Today, I woke up scared. In that just-awakened state that maintains the undefended clarity of a dreaming sleep, it was as if some longtime assumptions were shattering or shattered and the remaining shards were somehow closing in, sucking from things the safety once provided, weakening what was once 'strong,' and stifling the moment in some mortal way. It was, and to a certain extent remains, frightening.
At the nearest point to sleep, there was a piece of a dream to remember. In the dream, Bruce, a guy I roomed with at the monastery I flunked out of, was lying on the floor in his robes and talking about Zen with a third unrecognized person off to my right. Bruce was a guy I knew as very strong in his determination in practice. If he was slightly dotty in my mind, still I knew him to be kind. Bruce once memorized the entire Diamond Sutra -- a thing that few if any monks in Japan had accomplished. The whole damned thing! Wow! Useful or useless, it was a hell of an effort.
Anyway, Bruce lay on the floor, saying something about Zen practice to the third person in the scene. He broke into a chant -- something we both knew in easy memory, maybe the Heart Sutra or maybe the Kanzeon ten-clause sutra ... easy stuff -- and part way through the chant, he lost his way. He had recited part of it, but then, with a mock-sheepish humor, segued into something akin to "yadda, yadda, yadda..." And as he said this, he looked up at me, knowing I would know he had forgotten ... and, with a challenging smile, he winked. He really had forgotten and, like it or lump it, wasn't that the way of things? the honest way? the way we had both, in our own ways, worked so hard on in the past? the way that, if it were any good, was bound to go poof?
It was all as easy as pie on the one hand. And, on the other, it was scary.

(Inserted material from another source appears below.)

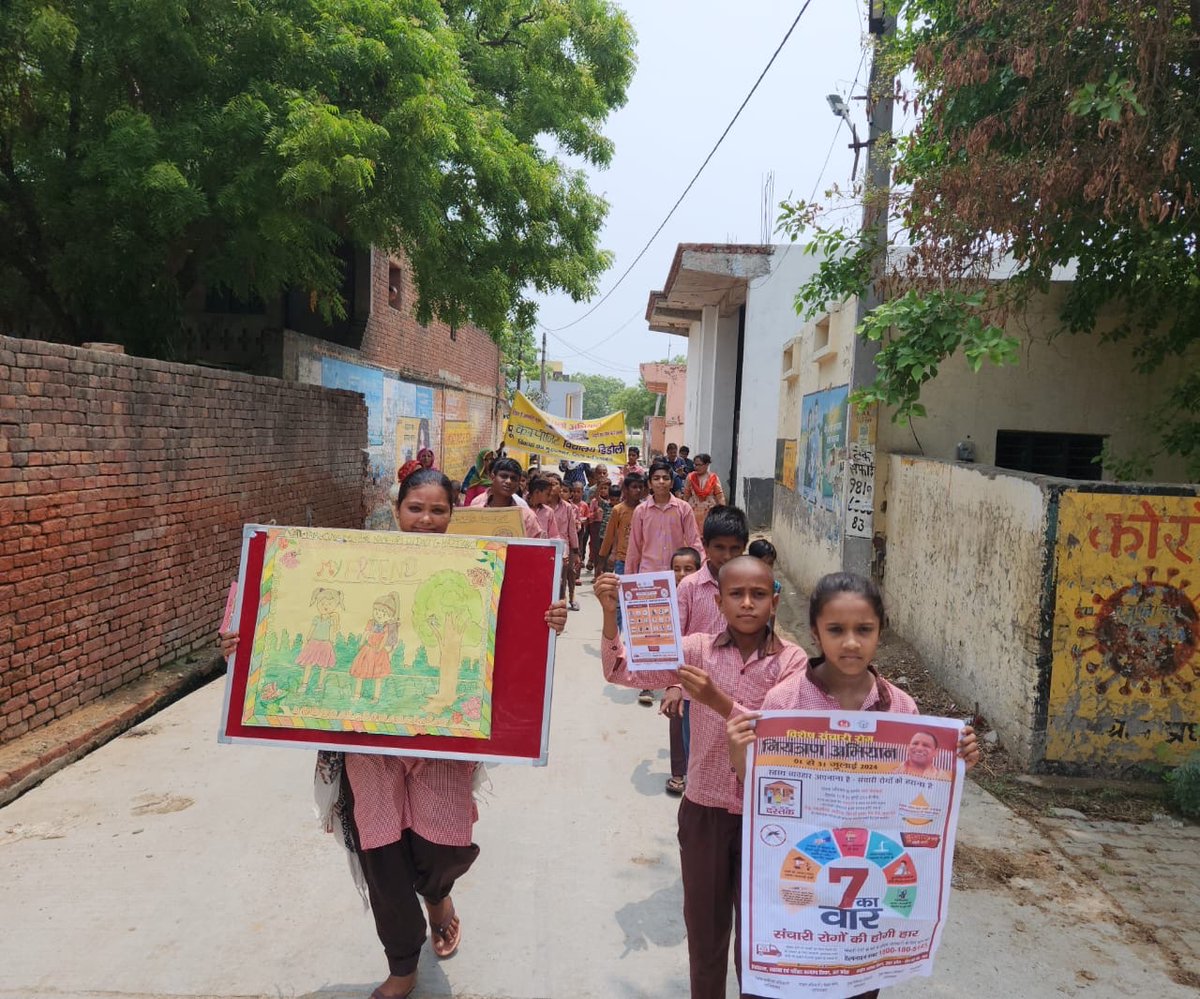 bdo_muradnagar's tweet photo. विकास खंड मुरादनगर की ग्राम पंचायत डिडौली के कंपोसिट विद्यालय में नवीन प्रवेश छात्रों का स्वागत,वन महोत्सव के अंतर्गत वृक्षारोपण व संचारी रोग अभियान के अंतर्गत रैली का आयोजन किया गया। https://t.co/gnjhTbIyA4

The proximate cause of waking up afraid, I imagine, is the fact that today I will sign the papers that will assure my retirement from the newspaper. That signature will seal my fate. And in a lousy economy with a family I would like to defend and support, the pay cut will mean a large shift in how things work ... how the house runs, how I run. My investigations into health care insurance and other issues connected to a 'life without work' have been exhausting and frustrating and somehow guiltifying ... how come I can't just keep going, keep on keepin' on, keep up the efforts that provided for myself and others ... it all seems simultaneously imperative (the newspaper is dying and I am tired) and somehow insane. How can I lay claim to control when there is so much evidence that I am not in control? What was once an easy, complain-about-it habit is now falling to bits and those bits surround and smother and mock me.
But another slightly-strange aspect of the situation is this: I am not afraid at all. It all feels appropriate and relieving in some sense, as if I had been carrying a suitcase and it had been heavy and now I got to put it down. So ... on the one hand is the whine-festival of fear and on the other is some relieving exhalation that whispers, "There. Isn't that better? Stick with the facts."
Yesterday, my older son took part in a track competition. For reasons that escape me, he throws the discus. If, he told me before the competition, he threw the discus 118 feet, he would be eligible to join a statewide competition. He really wanted to join that group -- that wider, more accomplished group -- and yet had never thrown 118 feet.
Yesterday, he did it. And as he came towards me after that accomplished throw, I congratulated him with an ironic, "Too bad, Angus." And he smiled. Like Bruce, he knew the meaning of a wink.